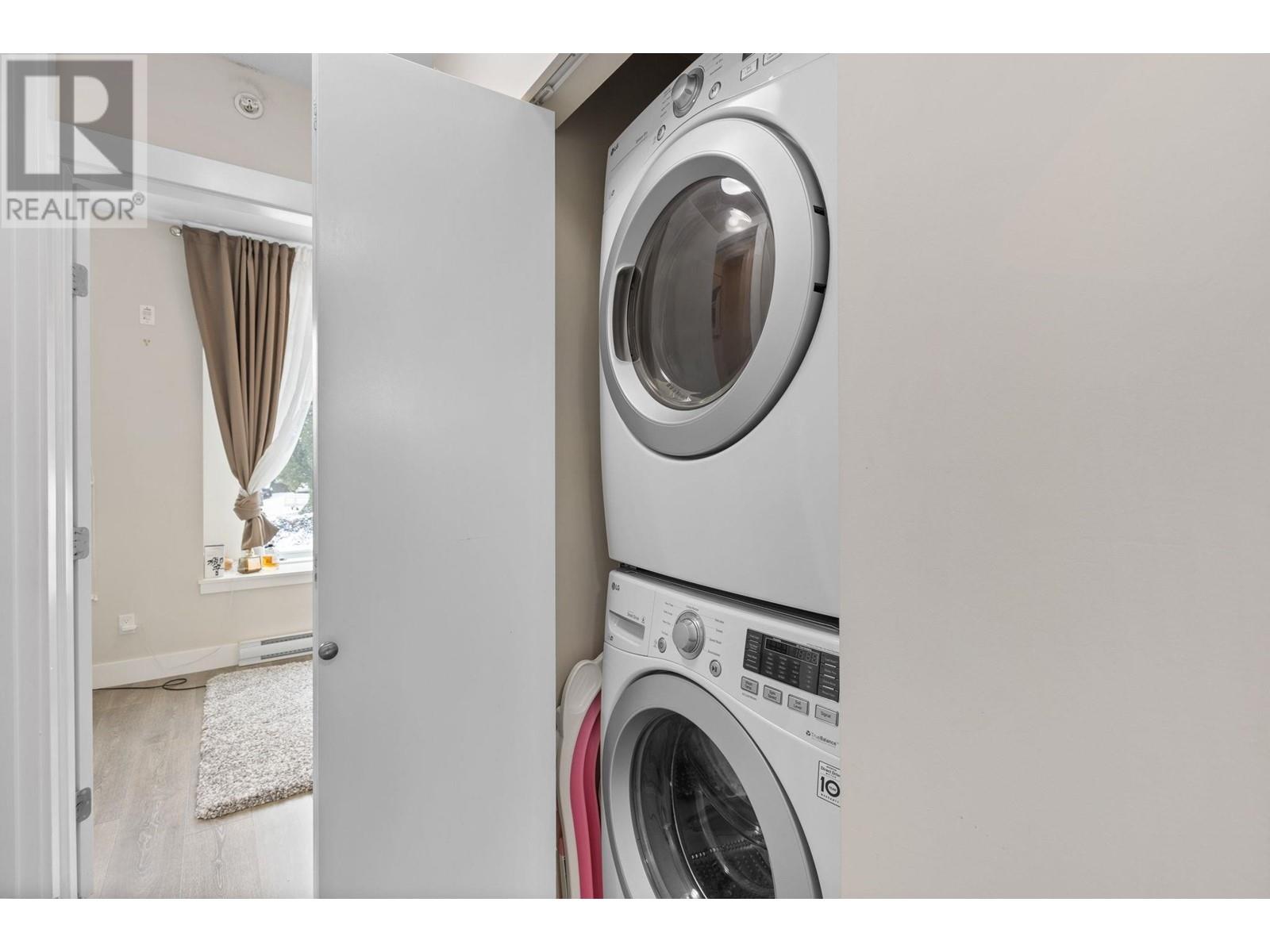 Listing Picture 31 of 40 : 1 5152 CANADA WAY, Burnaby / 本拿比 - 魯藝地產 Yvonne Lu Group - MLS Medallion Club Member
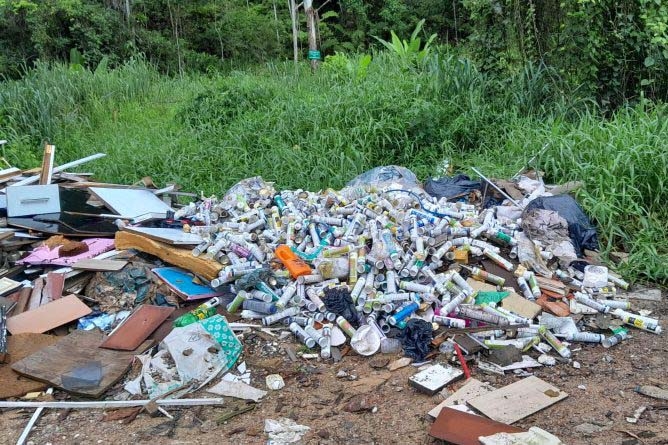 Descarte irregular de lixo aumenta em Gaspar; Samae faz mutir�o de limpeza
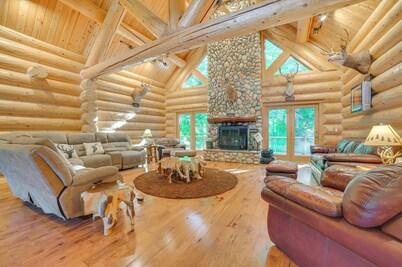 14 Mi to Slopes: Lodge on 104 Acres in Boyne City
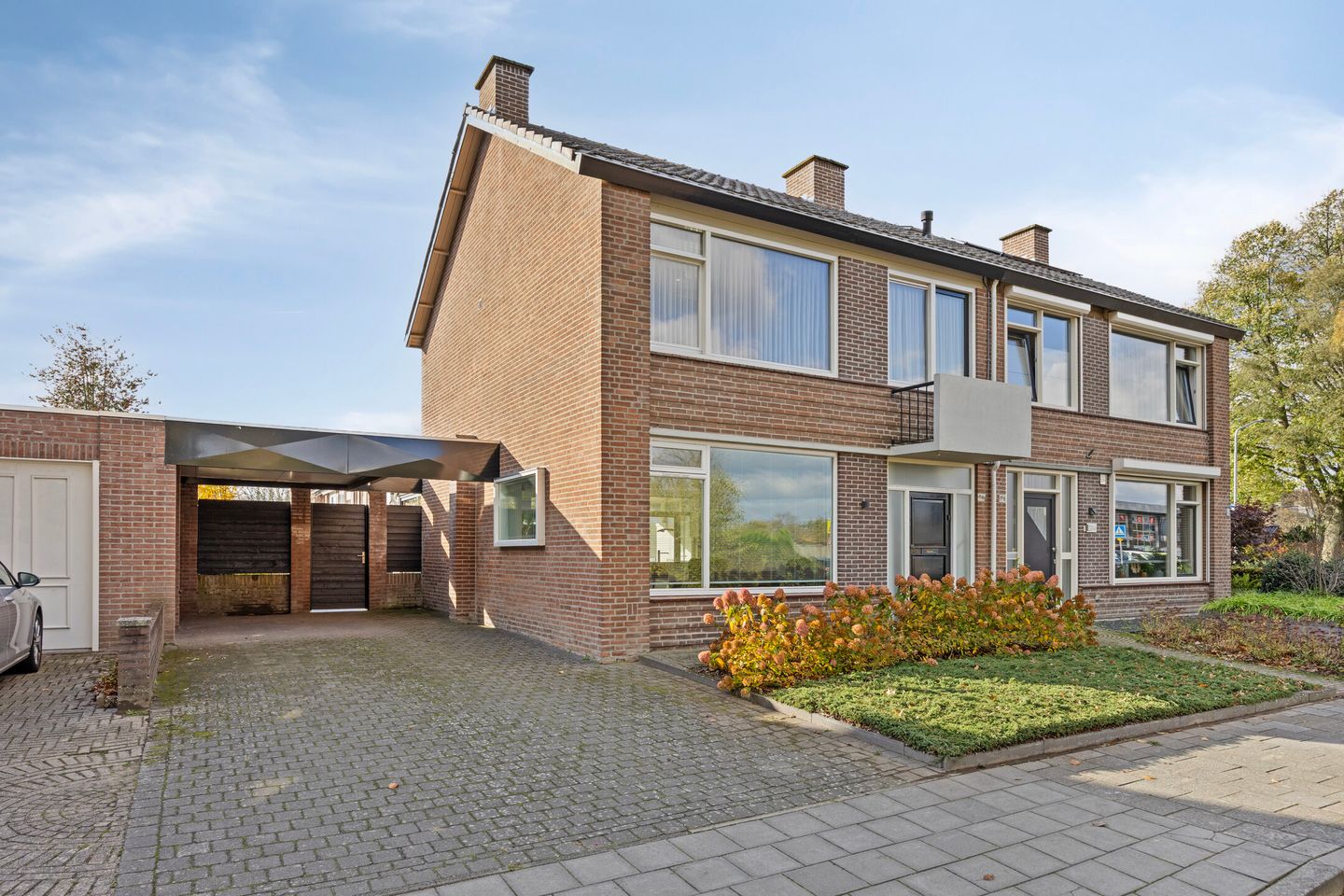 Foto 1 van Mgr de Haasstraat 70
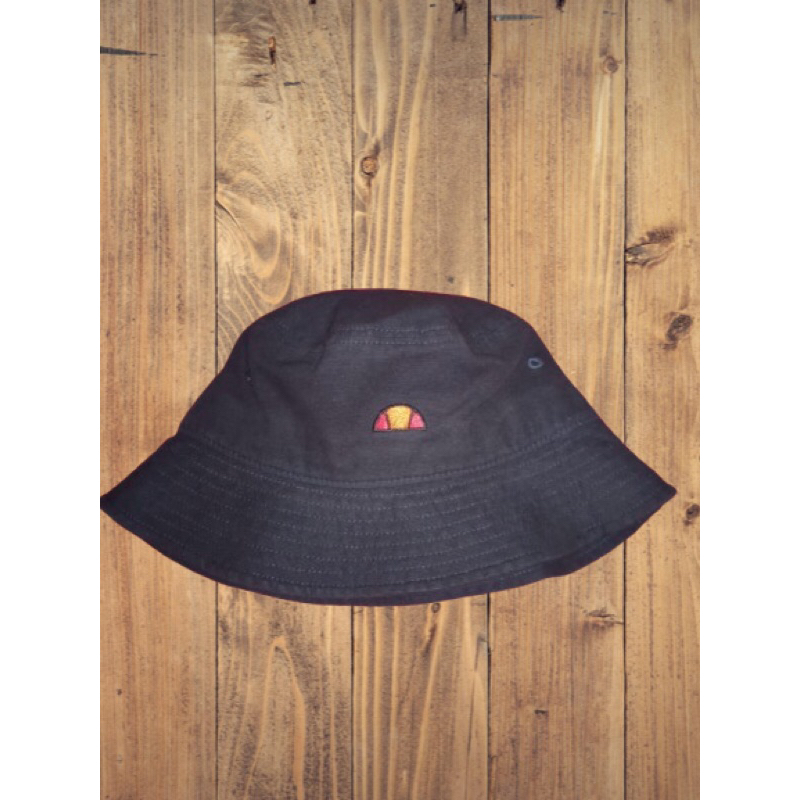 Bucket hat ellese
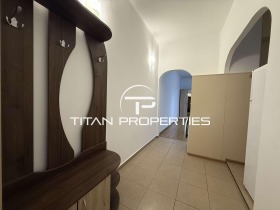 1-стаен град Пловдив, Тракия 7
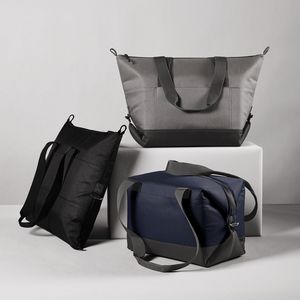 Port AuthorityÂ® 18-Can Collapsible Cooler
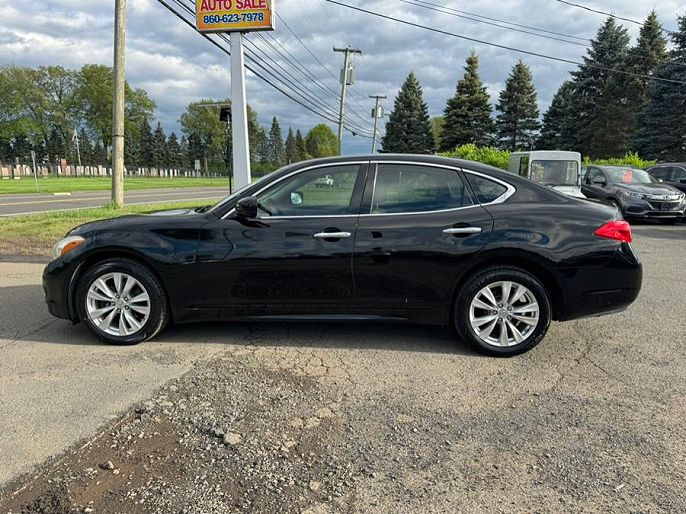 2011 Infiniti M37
--
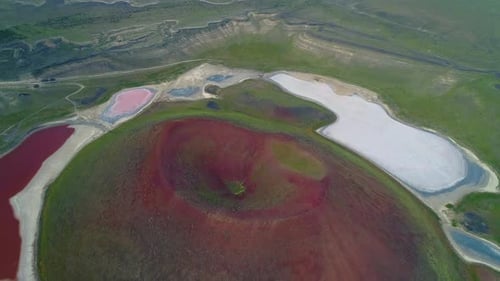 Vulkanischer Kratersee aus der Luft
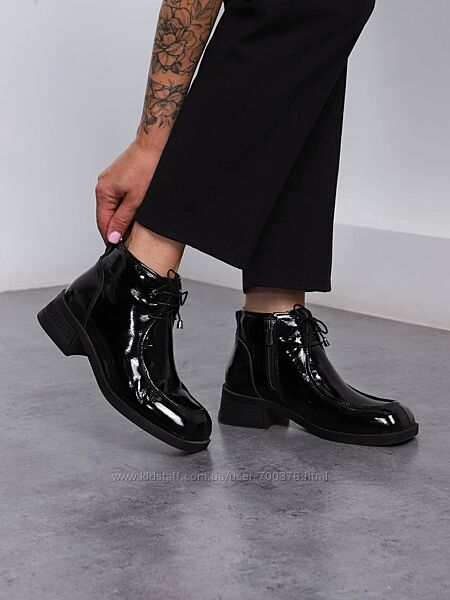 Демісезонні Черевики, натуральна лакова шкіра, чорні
* * *
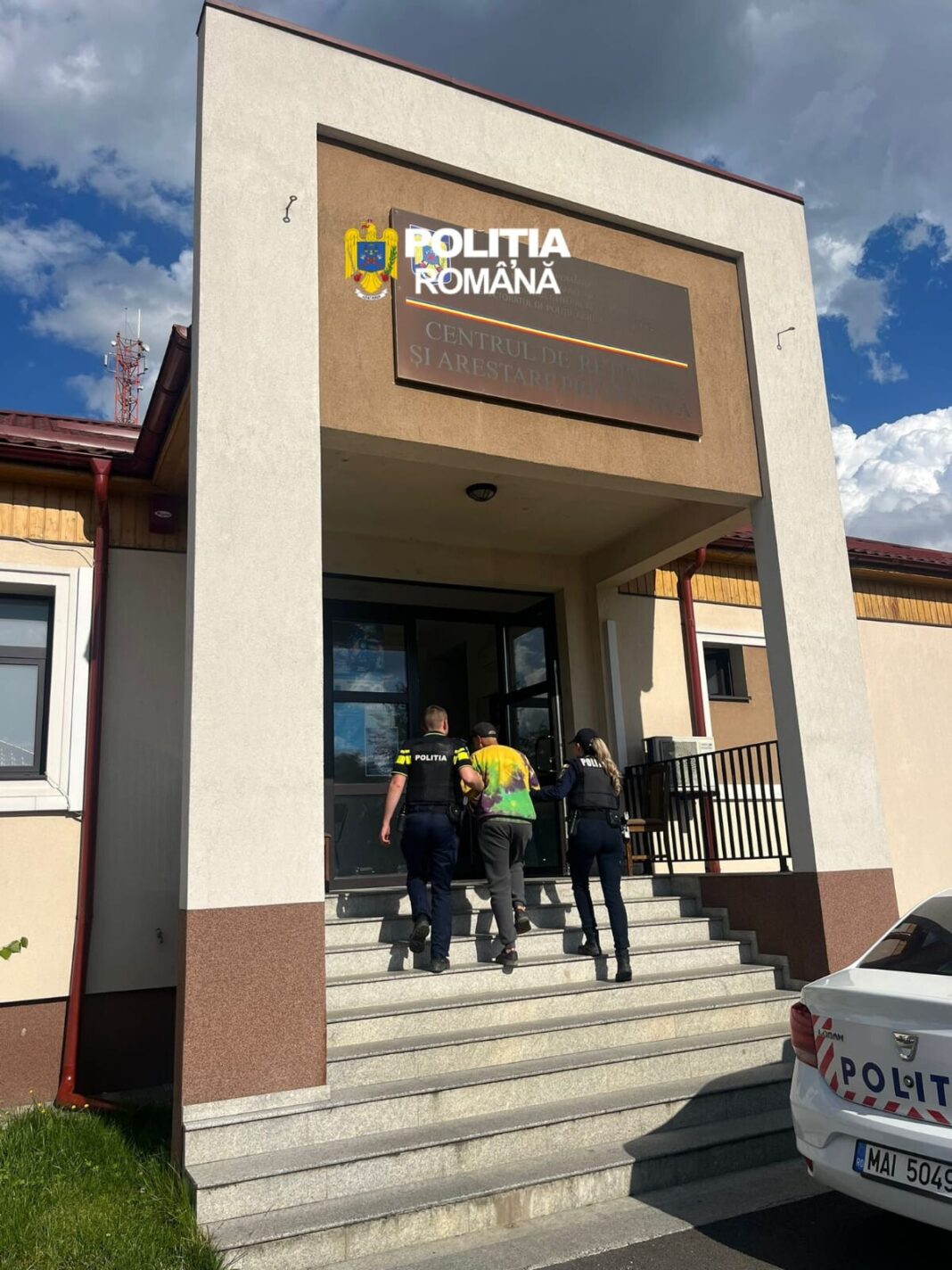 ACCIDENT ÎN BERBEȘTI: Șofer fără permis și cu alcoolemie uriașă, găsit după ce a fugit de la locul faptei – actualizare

* _Assignment_
Look above for the line containing "Listing Picture 31", then copy exactly from it through the line containing "2011 Infiniti M37", keeping both and leaving out pictures. Add nothing else.

* _Expected output_
 Listing Picture 31 of 40 : 1 5152 CANADA WAY, Burnaby / 本拿比 - 魯藝地產 Yvonne Lu Group - MLS Medallion Club Member
 Descarte irregular de lixo aumenta em Gaspar; Samae faz mutir�o de limpeza
 14 Mi to Slopes: Lodge on 104 Acres in Boyne City
 Foto 1 van Mgr de Haasstraat 70
 Bucket hat ellese
 1-стаен град Пловдив, Тракия 7
 Port AuthorityÂ® 18-Can Collapsible Cooler
 2011 Infiniti M37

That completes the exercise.